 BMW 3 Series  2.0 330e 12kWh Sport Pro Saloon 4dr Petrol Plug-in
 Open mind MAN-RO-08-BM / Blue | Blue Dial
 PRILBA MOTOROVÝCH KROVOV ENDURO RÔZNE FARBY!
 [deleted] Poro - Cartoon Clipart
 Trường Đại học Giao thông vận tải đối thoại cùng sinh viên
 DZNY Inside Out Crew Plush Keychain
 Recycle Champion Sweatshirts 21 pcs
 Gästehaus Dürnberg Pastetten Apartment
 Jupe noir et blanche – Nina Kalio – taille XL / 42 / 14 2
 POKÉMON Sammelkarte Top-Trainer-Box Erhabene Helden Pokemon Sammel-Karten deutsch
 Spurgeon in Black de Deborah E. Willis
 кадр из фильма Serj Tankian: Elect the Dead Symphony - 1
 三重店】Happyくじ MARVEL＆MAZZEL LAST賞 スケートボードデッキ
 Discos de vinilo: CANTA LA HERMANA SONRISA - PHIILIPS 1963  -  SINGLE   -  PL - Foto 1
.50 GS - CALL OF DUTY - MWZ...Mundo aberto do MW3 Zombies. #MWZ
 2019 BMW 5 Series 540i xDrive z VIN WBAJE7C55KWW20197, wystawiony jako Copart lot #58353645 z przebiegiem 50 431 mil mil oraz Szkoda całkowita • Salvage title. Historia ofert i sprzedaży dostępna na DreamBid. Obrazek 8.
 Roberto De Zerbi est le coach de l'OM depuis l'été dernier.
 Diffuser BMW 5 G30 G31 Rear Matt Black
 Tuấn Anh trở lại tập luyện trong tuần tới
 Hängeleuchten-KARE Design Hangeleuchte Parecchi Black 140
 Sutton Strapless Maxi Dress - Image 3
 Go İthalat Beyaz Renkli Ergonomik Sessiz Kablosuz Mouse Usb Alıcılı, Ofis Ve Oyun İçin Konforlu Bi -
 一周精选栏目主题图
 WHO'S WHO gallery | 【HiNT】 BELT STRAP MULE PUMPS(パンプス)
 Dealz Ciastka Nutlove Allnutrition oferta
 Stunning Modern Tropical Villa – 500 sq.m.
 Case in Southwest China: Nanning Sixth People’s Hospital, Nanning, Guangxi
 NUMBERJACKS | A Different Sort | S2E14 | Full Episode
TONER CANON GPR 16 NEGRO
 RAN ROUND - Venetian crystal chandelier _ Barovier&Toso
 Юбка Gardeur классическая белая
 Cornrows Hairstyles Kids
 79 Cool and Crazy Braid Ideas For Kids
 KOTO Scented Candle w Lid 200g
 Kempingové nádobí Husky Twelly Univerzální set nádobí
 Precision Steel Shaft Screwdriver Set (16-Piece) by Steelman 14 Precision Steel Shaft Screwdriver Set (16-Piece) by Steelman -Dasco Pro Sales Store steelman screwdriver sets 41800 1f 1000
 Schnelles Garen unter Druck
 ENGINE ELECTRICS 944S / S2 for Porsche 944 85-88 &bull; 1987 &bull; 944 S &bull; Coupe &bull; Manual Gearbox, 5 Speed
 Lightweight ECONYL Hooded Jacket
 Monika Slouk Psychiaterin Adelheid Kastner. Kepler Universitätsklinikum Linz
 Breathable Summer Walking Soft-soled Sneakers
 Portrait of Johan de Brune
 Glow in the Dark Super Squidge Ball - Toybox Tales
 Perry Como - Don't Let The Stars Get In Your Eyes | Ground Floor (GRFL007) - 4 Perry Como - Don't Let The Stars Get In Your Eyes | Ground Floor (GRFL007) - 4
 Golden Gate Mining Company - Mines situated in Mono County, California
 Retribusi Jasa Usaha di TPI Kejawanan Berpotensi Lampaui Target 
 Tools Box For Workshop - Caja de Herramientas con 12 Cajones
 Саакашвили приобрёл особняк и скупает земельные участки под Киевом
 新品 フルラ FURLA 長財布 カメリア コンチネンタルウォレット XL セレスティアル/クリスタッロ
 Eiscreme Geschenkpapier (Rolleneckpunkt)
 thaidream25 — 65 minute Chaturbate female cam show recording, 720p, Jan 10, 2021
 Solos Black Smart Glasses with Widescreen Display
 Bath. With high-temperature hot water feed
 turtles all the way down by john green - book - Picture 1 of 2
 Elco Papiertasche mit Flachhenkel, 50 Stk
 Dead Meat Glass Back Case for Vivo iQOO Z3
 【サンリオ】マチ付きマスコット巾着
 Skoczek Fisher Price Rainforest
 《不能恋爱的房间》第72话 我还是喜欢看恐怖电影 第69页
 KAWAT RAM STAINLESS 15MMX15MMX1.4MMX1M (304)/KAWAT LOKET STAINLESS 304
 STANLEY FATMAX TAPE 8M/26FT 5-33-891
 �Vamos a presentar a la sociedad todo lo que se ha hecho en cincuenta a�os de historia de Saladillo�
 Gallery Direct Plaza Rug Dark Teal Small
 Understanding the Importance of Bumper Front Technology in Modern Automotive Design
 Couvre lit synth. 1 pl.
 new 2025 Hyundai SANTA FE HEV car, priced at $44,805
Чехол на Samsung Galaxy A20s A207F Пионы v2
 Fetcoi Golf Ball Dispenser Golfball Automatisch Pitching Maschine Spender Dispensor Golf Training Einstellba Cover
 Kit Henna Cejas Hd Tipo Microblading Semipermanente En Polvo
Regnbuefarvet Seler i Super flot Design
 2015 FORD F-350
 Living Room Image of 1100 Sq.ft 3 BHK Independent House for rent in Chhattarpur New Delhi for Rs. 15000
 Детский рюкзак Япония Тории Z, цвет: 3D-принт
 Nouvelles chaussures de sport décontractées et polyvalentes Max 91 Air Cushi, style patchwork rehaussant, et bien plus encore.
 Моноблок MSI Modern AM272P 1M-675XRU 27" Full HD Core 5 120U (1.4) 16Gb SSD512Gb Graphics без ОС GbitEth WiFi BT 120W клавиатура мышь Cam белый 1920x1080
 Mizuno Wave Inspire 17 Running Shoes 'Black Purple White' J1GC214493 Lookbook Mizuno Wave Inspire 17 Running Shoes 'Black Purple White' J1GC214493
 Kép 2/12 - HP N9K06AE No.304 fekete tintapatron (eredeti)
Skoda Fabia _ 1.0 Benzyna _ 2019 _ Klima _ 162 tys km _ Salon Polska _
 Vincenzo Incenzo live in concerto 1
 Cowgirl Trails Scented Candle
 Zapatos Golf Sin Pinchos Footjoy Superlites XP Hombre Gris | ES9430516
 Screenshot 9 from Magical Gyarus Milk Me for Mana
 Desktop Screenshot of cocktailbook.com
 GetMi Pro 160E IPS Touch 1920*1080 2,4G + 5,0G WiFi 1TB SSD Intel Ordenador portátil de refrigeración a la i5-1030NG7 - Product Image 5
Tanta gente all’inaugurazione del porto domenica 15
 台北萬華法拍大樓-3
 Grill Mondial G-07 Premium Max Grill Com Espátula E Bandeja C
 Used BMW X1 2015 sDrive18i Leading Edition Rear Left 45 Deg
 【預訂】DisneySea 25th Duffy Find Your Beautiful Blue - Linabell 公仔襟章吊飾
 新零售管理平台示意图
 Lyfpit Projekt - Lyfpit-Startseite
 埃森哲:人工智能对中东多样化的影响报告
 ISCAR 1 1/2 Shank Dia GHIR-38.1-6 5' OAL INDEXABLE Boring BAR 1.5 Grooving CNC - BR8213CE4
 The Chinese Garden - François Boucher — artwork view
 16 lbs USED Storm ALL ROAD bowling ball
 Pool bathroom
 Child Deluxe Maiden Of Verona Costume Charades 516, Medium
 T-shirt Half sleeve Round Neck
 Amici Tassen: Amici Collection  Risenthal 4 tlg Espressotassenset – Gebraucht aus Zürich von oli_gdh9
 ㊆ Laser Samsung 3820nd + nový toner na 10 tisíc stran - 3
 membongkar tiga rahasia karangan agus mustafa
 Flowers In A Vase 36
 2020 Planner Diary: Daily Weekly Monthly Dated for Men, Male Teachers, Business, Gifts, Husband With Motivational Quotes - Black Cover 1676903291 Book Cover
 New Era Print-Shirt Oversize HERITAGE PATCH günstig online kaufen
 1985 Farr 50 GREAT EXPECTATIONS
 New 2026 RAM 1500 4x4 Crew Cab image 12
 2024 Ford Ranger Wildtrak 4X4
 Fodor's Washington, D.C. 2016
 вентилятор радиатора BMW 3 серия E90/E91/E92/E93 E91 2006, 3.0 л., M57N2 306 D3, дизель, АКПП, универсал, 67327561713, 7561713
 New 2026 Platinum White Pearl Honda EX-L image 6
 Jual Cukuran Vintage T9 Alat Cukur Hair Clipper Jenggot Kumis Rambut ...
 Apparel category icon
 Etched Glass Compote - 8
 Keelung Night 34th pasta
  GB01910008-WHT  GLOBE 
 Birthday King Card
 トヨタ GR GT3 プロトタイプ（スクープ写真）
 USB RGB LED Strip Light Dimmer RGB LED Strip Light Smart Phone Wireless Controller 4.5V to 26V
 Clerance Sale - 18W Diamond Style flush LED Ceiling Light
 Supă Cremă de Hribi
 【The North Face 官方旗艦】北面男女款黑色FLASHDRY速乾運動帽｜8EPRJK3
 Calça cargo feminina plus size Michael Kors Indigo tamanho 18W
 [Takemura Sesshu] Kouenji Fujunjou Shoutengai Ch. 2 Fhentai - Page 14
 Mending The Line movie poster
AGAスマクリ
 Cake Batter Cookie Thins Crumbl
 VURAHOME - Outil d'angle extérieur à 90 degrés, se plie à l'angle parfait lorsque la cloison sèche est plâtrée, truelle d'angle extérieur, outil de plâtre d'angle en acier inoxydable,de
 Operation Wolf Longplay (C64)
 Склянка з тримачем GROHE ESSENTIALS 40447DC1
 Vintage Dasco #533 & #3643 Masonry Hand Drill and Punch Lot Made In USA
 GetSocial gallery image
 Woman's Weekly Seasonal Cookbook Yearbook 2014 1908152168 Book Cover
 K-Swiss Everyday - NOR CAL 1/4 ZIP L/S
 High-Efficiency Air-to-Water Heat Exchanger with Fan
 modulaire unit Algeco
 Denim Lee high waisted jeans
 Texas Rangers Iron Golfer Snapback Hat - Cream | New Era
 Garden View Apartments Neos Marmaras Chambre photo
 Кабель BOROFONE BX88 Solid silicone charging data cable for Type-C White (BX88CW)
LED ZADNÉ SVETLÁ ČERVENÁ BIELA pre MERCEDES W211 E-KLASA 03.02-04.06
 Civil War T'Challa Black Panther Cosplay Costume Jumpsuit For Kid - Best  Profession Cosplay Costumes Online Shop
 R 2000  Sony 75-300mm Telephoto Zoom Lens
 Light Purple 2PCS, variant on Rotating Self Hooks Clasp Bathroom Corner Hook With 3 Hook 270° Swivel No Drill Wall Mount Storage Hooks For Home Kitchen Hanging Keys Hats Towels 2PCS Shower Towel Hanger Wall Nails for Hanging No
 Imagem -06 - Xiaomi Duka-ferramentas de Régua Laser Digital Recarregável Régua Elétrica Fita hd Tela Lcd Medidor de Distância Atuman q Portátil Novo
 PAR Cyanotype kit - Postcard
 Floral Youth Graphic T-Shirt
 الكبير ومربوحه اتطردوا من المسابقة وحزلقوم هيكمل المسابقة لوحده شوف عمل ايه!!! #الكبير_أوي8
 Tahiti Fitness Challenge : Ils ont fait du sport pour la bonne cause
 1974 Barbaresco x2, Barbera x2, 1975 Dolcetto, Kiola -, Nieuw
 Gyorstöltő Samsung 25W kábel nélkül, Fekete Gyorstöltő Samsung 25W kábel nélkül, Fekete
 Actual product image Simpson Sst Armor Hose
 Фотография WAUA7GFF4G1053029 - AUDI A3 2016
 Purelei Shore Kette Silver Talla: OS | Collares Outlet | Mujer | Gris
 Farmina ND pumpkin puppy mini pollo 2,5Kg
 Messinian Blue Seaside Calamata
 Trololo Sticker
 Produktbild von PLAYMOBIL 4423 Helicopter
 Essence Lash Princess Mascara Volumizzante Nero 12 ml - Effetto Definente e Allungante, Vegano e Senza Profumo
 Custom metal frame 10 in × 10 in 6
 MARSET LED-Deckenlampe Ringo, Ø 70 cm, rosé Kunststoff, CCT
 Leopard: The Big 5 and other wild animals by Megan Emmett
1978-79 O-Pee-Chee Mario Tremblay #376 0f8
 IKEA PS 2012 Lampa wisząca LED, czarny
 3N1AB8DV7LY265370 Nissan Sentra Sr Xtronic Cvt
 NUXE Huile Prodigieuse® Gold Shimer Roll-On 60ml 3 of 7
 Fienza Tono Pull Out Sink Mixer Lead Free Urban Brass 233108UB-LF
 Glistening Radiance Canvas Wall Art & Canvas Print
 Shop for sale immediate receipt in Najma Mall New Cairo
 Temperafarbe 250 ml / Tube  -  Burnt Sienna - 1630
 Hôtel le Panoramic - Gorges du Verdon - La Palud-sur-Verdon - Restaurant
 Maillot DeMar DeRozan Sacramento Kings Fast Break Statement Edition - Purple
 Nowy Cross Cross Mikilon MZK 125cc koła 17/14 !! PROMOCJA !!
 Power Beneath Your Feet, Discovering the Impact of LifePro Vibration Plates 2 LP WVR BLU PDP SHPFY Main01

- About this task -
From the line holding "membongkar tiga rahasia" to the line holding "Denim Lee high waisted jeans", inclusive, restate each line above exactly as written.

- Expected output -
 membongkar tiga rahasia karangan agus mustafa
 Flowers In A Vase 36
 2020 Planner Diary: Daily Weekly Monthly Dated for Men, Male Teachers, Business, Gifts, Husband With Motivational Quotes - Black Cover 1676903291 Book Cover
 New Era Print-Shirt Oversize HERITAGE PATCH günstig online kaufen
 1985 Farr 50 GREAT EXPECTATIONS
 New 2026 RAM 1500 4x4 Crew Cab image 12
 2024 Ford Ranger Wildtrak 4X4
 Fodor's Washington, D.C. 2016
 вентилятор радиатора BMW 3 серия E90/E91/E92/E93 E91 2006, 3.0 л., M57N2 306 D3, дизель, АКПП, универсал, 67327561713, 7561713
 New 2026 Platinum White Pearl Honda EX-L image 6
 Jual Cukuran Vintage T9 Alat Cukur Hair Clipper Jenggot Kumis Rambut ...
 Apparel category icon
 Etched Glass Compote - 8
 Keelung Night 34th pasta
  GB01910008-WHT  GLOBE 
 Birthday King Card
 トヨタ GR GT3 プロトタイプ（スクープ写真）
 USB RGB LED Strip Light Dimmer RGB LED Strip Light Smart Phone Wireless Controller 4.5V to 26V
 Clerance Sale - 18W Diamond Style flush LED Ceiling Light
 Supă Cremă de Hribi
 【The North Face 官方旗艦】北面男女款黑色FLASHDRY速乾運動帽｜8EPRJK3
 Calça cargo feminina plus size Michael Kors Indigo tamanho 18W
 [Takemura Sesshu] Kouenji Fujunjou Shoutengai Ch. 2 Fhentai - Page 14
 Mending The Line movie poster
AGAスマクリ
 Cake Batter Cookie Thins Crumbl
 VURAHOME - Outil d'angle extérieur à 90 degrés, se plie à l'angle parfait lorsque la cloison sèche est plâtrée, truelle d'angle extérieur, outil de plâtre d'angle en acier inoxydable,de
 Operation Wolf Longplay (C64)
 Склянка з тримачем GROHE ESSENTIALS 40447DC1
 Vintage Dasco #533 & #3643 Masonry Hand Drill and Punch Lot Made In USA
 GetSocial gallery image
 Woman's Weekly Seasonal Cookbook Yearbook 2014 1908152168 Book Cover
 K-Swiss Everyday - NOR CAL 1/4 ZIP L/S
 High-Efficiency Air-to-Water Heat Exchanger with Fan
 modulaire unit Algeco
 Denim Lee high waisted jeans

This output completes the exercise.